So the stage is set for a traditional GAD experience – but that is not what we get. First of all, since all the “suspects” were at golf and have an alibi, the closed circle is sent away – for good. Only Bill remains behind because his pal Antony, who has decided that his latest job will be to become the next Sherlock Holmes, needs someone to play “Watson.” Next, the locked room puzzle is dispensed with in a matter of pages, in ways that I won’t detail here but which explains why this book isn’t listed in Adey’s compendium. What’s left appears to be a very simple problem which depends on Antony and Bill figuring out the actions of three people on that fatal day. 

Having stated the “simple problem,” I won’t say The Red House Mystery is without its twists, but it eschews most of the qualities of a classic mystery: the interviews, the intrigues among the guests and staff, the conflicts between the amateur sleuth and the police (the representative of the law, Inspector Birch, appears infrequently and encourages Antony to investigate). 

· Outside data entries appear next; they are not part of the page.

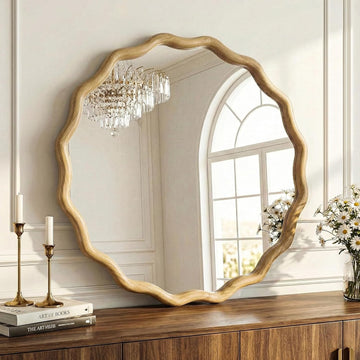 Round Wood Mirrors for Wall, 24" Boho Cirecle Wavy Mirror with Wooden Frame, Decorative Mirror with Tempered Glass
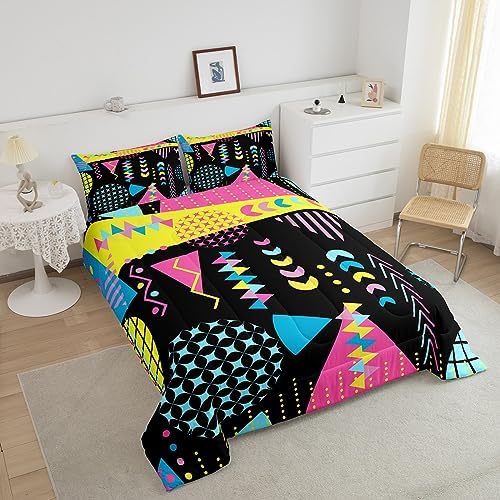 Manfei Memphis Comforter Set King Size, Retro 80s 90s Fashion Style Bedding Set 3pcs for Kids Boys Girls, Colorful Geometric Abstract Quilt Set Soft Polyester Duvet Set with 2 Pillowcases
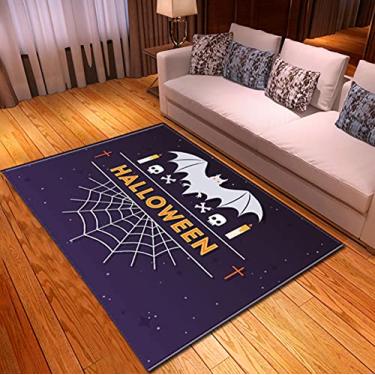 Imagem de Tapete de área para quarto e sala de estar - Trick Or Treat 3D ilusão de Halloween estilo quadrado contemporâneo tapete confortável tapete para berçário tapete decoração de casa - Halloween 2 180 x 120 cm/72 x 48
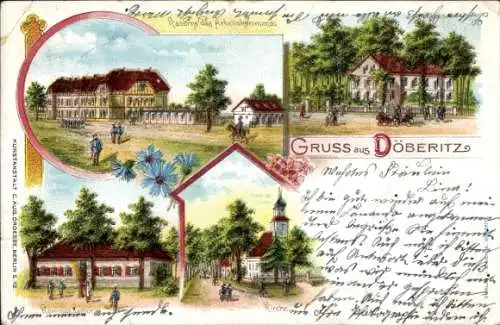 Litho Döberitz im Havelland, Kaserne des Arbeitskommando, Kirche, Kommandantur, Schloss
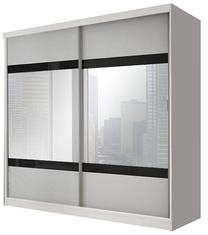 Spinta Idzczak Meble Multi 2 203, balta sp., 203 cm x 61 cm x 218 cm, su veidrodžiu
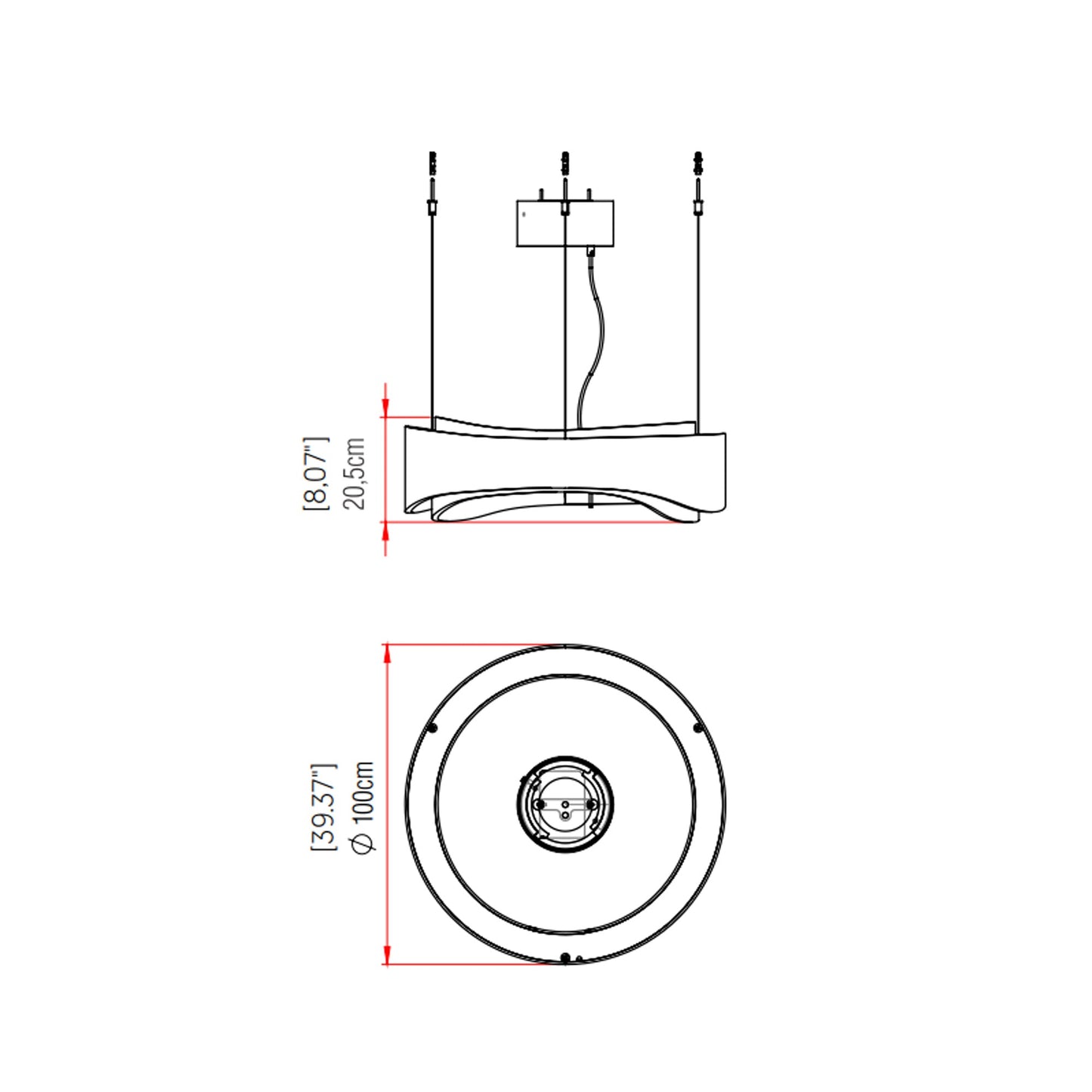 Horizon LED Pendant Light - line drawing.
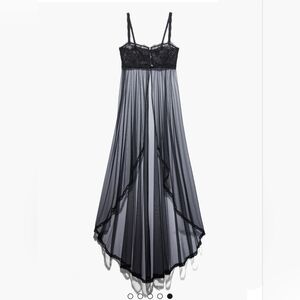 Savage X Fenty Corded Lace and Tulle Maxi Slip in Black, Size Medium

What we get instead of the traditional methods of mystery story-telling, is 250 pages of “Watsonizing” between Antony and Bill. The pair spend their time exploring the vast estate and uncovering its secrets, wandering to the village on errands, or lazing about on this bench or that settee, talking over theories and hugging each other over how much fun they’re having together. It’s all jolly fun because Antony and Bill are great company. Sometimes they reminded me of Pooh and Piglet wandering through the Hundred Acre Wood, philosophizing about life, and having mild adventures together. And sometimes I found myself asking, “Where did everybody else go?” But this is what you get. 

In fairness, I will add that our sleuth, who possesses the gift of instant recall of everything he sees around him, does get some clever deductions in, although even he has to admit at the end that some of his success at uncovering the truth amounted to guesswork. Thus, I find myself in the horrifying position of agreeing with Raymond Chandler, who wrote: 

“. . . it is an agreeable book, light, amusing in the Punch style, written with a deceptive smoothness that is not as easy as it looks.” Ultimately, the book contains all the things Chandler hates – an implausible murder plan and a “brash amateur” sleuth let loose due to the incompetence of the police. 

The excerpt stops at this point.